[gfx950][mxfp4] Avoid bank conflicts on matrix inputs
Analysis of traces (thanks @sebvince) has shown that the mxfp4 kernel spends a substantial amount of time stalled at LDS bank conflicts on the matrix inputs - that is, matrices A and B (as opposed to scale inputs, which are a separate issue).
As with other matmuls, swizzles are needed in order to eliminate these conflicts.
We've got a sense that this'll substantially improve performance (1.25x, say, maybe more?) but will need to validate that.
Notes on resolution: Discussion with @sebvince indicated that he'd done experiments on these same bank conflicts in the Wave kernel and that the traditional padding approach was not feasible, and that an XOR-based swizzle (or perhaps the row rotation swizzle) was needed.

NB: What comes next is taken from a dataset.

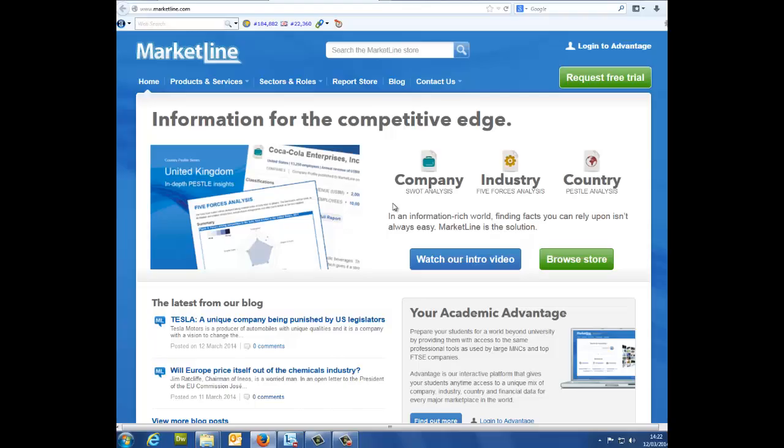Welcome to the online tutorial for the Financial Deals Tracker. With the Financial Deals Tracker available through your Advantage subscription, you are offered a dynamic interface keeping you up to date with the latest news, deals, and top deal maker activity.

He linked the following files
https://github.com/sebvince/test_bank_conflict/blob/main/kernel_f32_async_hint.mlir and https://github.com/sebvince/test_bank_conflict/blob/main/kernel_f32_async_ref.mlir test_bank_conflict/kernel_f32_async_ref.mlir
@qedawkins What's a good way to quickly apply these swizzling strategies in IREE so we can get empirical results for how well bank conflicts are avoided / what the perf gains here are?
Misc. notes: To check bank conflict in ATT : rocprofv3 --att-perfcounter-ctrl 3 --att-perfcounters "SQ_LDS_BANK_CONFLICT" -- ./your-application
Ok, so, I tried a simple experiment, which made things get slower. I suspect that that's me holding it wrong (haven't checked traces yet, but)
The patch
diff --git a/compiler/src/iree/compiler/Codegen/LLVMGPU/Passes.cpp b/compiler/src/iree/compiler/Codegen/LLVMGPU/Passes.cpp
index 4bd0012a8a..c85981fd42 100644
--- a/compiler/src/iree/compiler/Codegen/LLVMGPU/Passes.cpp
+++ b/compiler/src/iree/compiler/Codegen/LLVMGPU/Passes.cpp
@@ -12,6 +12,7 @@
#include "iree/compiler/Codegen/Common/CombineLayoutTransformation.h"
#include "iree/compiler/Codegen/Common/GPU/Passes.h"
#include "iree/compiler/Codegen/Common/Passes.h"
+#include "iree/compiler/Codegen/Dialect/Codegen/IR/IREECodegenOps.h"
#include "iree/compiler/Codegen/Dialect/GPU/Transforms/Passes.h"
#include "iree/compiler/Codegen/Dialect/VectorExt/Transforms/Passes.h"
#include "iree/compiler/Codegen/LLVMGPU/Passes.h"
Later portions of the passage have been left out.